I’ve had a run of borrowing other gents’ men lately. It’s not something I’ve gone looking for and it’s not really something I prefer to get involved in.
But if someone is acting to the contrary, how can I be sentenced to gay adultery?
There is a thrill involved, though it’s momentary, perhaps more so on their side. I wind up feeling sorry for their partner at home/ Arq/ another person’s place. The people in question for this column are those whose partners don’t consent to their philandering ways.
I was sent a text the other day stating the times of the day I could communicate and the times of the week a particular gent was free. Fine, I get it, but it’s not for me. And I’m not acting all pious either.
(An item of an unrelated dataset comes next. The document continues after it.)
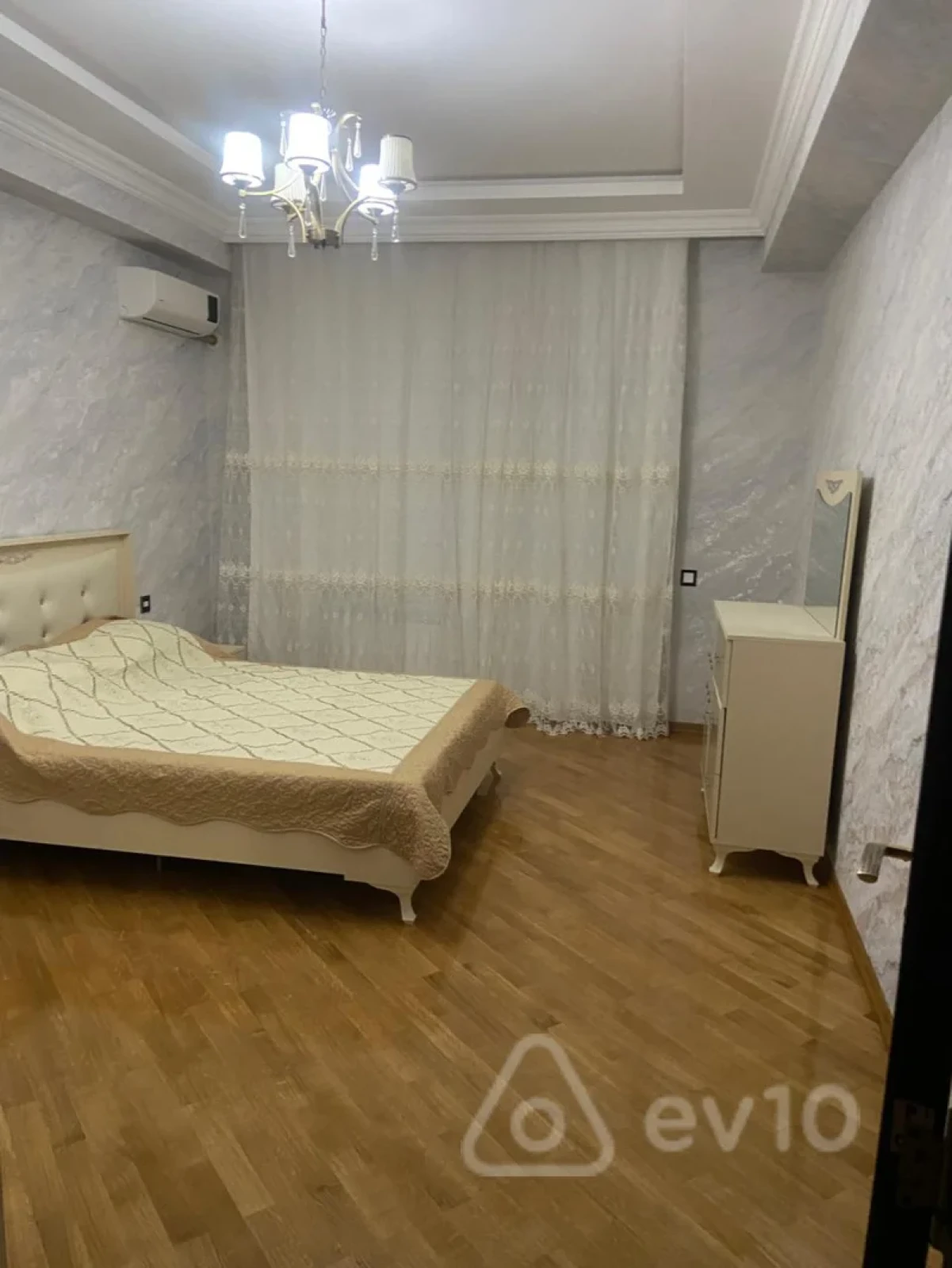 Kirayə verilir 2 otaqlı yeni tikili 109 m²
As someone who was married, I took the terms of the ‘contract’ explicitly, though deviate from them I did. That’s a story for another day.
However, the notion that humans can’t be monogamous inspires me to look at relationships differently these days.
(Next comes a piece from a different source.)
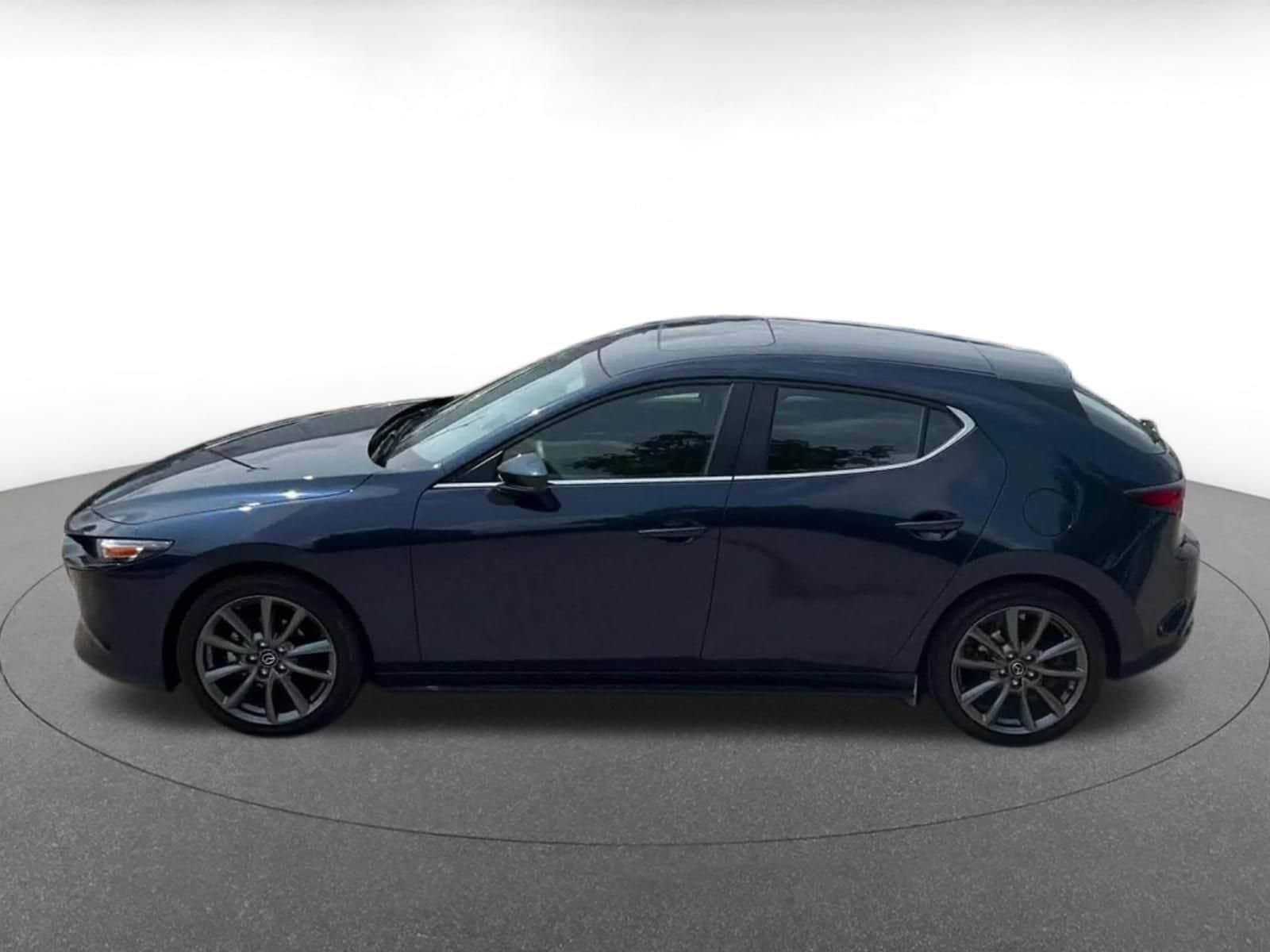 Thumbnail: 2026 Mazda Mazda3 - 9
I was in a monogamous relationship with my previous male partner and thoughts of other people, as I once confided with Dr Jim, my shrink at the time, were typical and it was the consequences of those thoughts that mattered most.
Without knowing, Dr Jim tipped the temptation scales by challenging me.
“John, in the gay world, it’s easy peasy to have sex. It’s everywhere, it’s accessible,” he quietly stated in his dimly lit room, and, yes, he actually said “peasy”.
“The challenge is not resisting what you feel when you walk past a hot guy on the street or walk past a sex-on-premises venue,” he actually paused for effect. “It’s your decision to follow it through or not.”
He was right. Though he wasn’t so right when he asked me to stop being such a perfectionist and challenged me to send an email with deliberate mistakes in it. Again, another story…
Back to our boy triangle. I’m not in your relationship, I don’t know what makes it tick. What is yours is yours and what is mine is mine. And when the dust settles a day or so later, that’s the way it all boils down anyway.